Excerpts from his article The GOP Must Change or Die:

  • In a recent poll, 98 percent of historians rated George W. Bush the worst president in American history. Bushism was a disaster, and the conservative movement that backed him in everything is now dead.
  • The conservative movement has stuck to George W. Bush like a limpet on all his discredited policies: Iraq, banning abortion, the block on stem cell research, income tax cuts for the wealthy, attaching Social Security to the Stock Market (!), repatriating 12 million illegal immigrants instead of offering them a road to citizenship (“amnesty”). All of these have been losers.
  • The model for the revival of the Republican party should be the presidency of Dwight Eisenhower.
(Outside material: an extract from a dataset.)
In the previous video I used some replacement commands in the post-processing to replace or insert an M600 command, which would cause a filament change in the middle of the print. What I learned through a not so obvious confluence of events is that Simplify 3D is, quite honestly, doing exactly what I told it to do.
It is no good conservatives trying to revive Ronald Reagan, for whom I used to write speeches. Historians may rate Reagan as a near-great president. But our problems now are different from the ones he addressed. And “supply-side economics” is now widely recognized as nonsense.
  • First, the Republican party must distance itself from evangelicalism as the policy preferences of evangelicals have only minority support.
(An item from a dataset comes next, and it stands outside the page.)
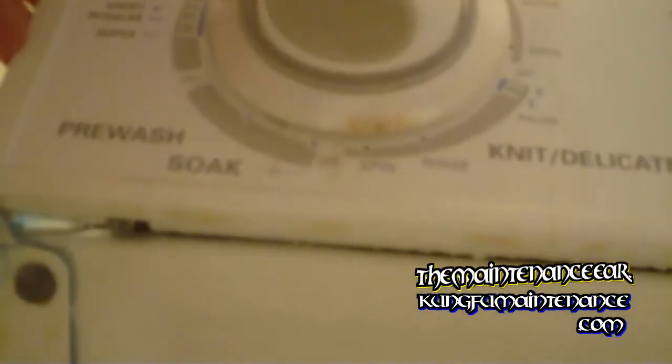Pull the little release tab out. There it is. And then we'll pull the timer knob off and take a look.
  • Second, science today, empirically based, has great authority because of its manifold achievements, from the interior of the molecule and the human cell to the age of the universe (13.7 billion years). Therefore science also has cultural authority. No administration has been so comprehensively hostile to science as the Bush administration. It has cut funding for research and development, manipulated data on global warming, and exaggerated uncertainties about climate change so that millions of Americans think global warming and its causes are matters of opinion.
  • Third, both Bushism and movement conservatism forgot the founder of modern conservatism, Edmund Burke, who understood abstract (republican) theory as the basis for revolution in France, but also understood historical force of social change.
  • Fourth, Burke and Leo Strauss are the indispensable conservative political philosophers and should guide the leaders of any form of modern conservatism. But the immediate paradigm for the revival of the Republican party should be the successful presidency of Dwight Eisenhower.
  • In 1953 Eisenhower ended the Korean war with a nuclear threat against Beijing, built the nuclear-powered navy and brought forward the unstoppable Polaris missile, initiated the U-2 spy-plane flights, began to build the interstate highway system, and also balanced the budget three times. He certainly would not have trapped an American army in Mesopotamia. He was practical, solid, and surely a near-great president.
  • Movement conservatism, RIP. The common sense Republican party will rise again. It must. Or it will go the way of the Federalists and the Whigs.